Hep Mustafa Kemal'in yanında olan Hasan Hayri, (TBMM ilk dönem Dersim mebuslarından) Şeyh Said ayaklanması sırasında Dersim halkına mektuplar göndererek ılımlı olmalarını tavsiye ettiği halde ayaklanmanın Türk yönetimi tarafından kırılmasından sonra, Mustafa Kemal'in özel emriyle yeğeni Celal Mehmet ile yakalanırlar.
Sorgu sırasında, İstiklal Mahkemesi başkanı Ali Saip, Hasan Hayri'ye dönerek; 'Ankara'daki meclis toplantılarına niçin Kürt milli kıyafetiyle geliyordunuz?' diye sorar.
Hasan Hayri savunmasında, 'Meclis'e Mustafa Kemal'in talimatıyla, milli kıyafetle gidiyor ve yine onun talimatıyla, Kürtlerin Türklerden ayrılmak istemediğini belirten telgrafı Lozan Konferansına çekiyordum.' diye belirtir.

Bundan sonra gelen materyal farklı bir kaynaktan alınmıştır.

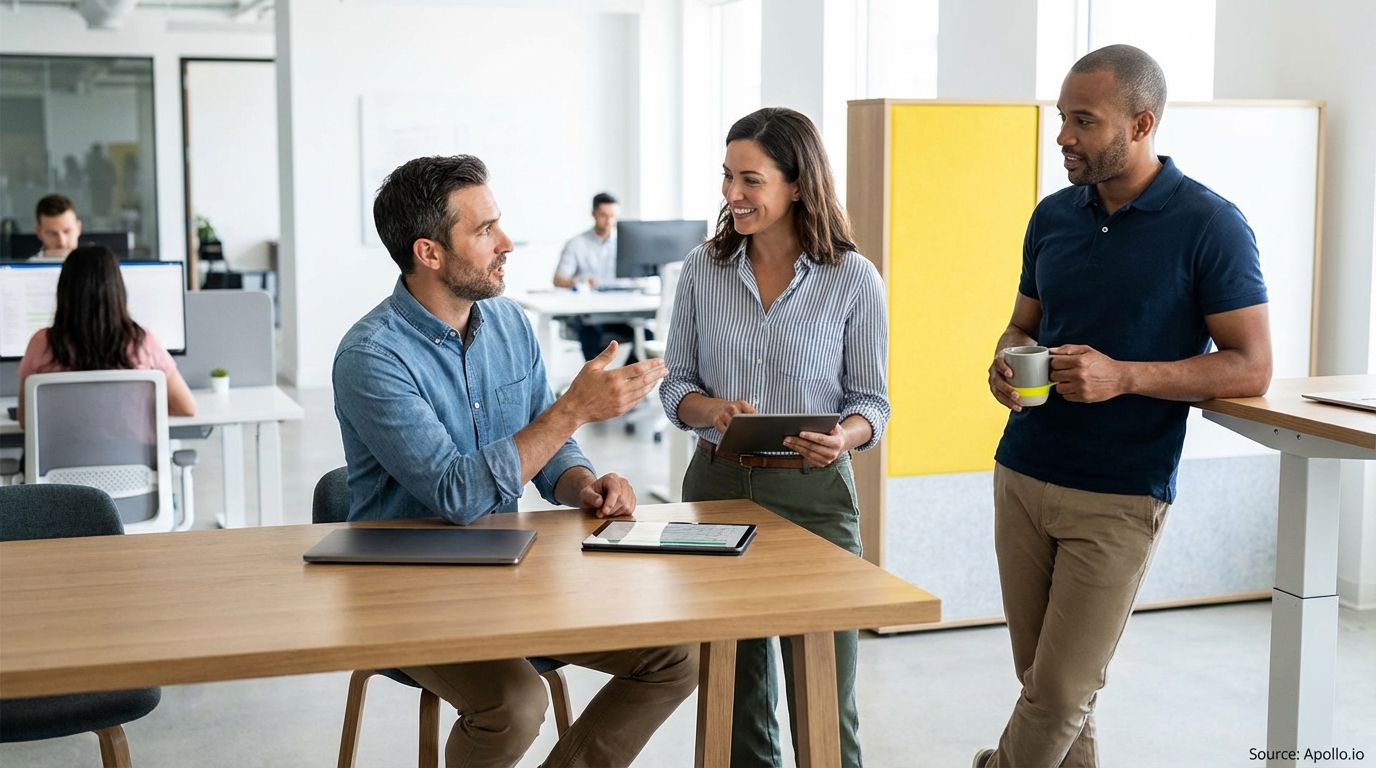 Three professionals discuss in a modern office, one holding a tablet and another a mug.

Buna rağmen idam kararını vermiş olan mahkeme üyelerini etkilenmez ve onlar da idam edilirler. Bu Mustafa Kemal'in alameti farikası olacak keyfi idamlardan sadece birkaçıdır. Diyarbakır İstiklal Mahkemesi, 29 Haziranda da Şeyh Said'in önderliğinde ayaklanmaya katılan 47 kişi hakkında idam kararı verir. Karar ertesi gün infaz edilir.
 Şeyh Said idam sehpası önünde şunları söyler: "Tabii hayat sona erdi. Kendimi milletimin yolunda feda ettiğime hiçbir şekilde pişman değilim. İlerde torunlarımızın bizden dolayı düşman ününde utanç duymamaları bizim için yeterlidir.""Ez be nam dikarim bijeem, Ie ez nikarim be azadi bijeem" Ölmeden son sözleri olur.

Şeyh Said’in mezarı nerede?

   ŞEYH Said ve 46 arkadaşı, 28 Haziran 1925’te gece yarısı Diyarbakır’da asılarak idam edildi. 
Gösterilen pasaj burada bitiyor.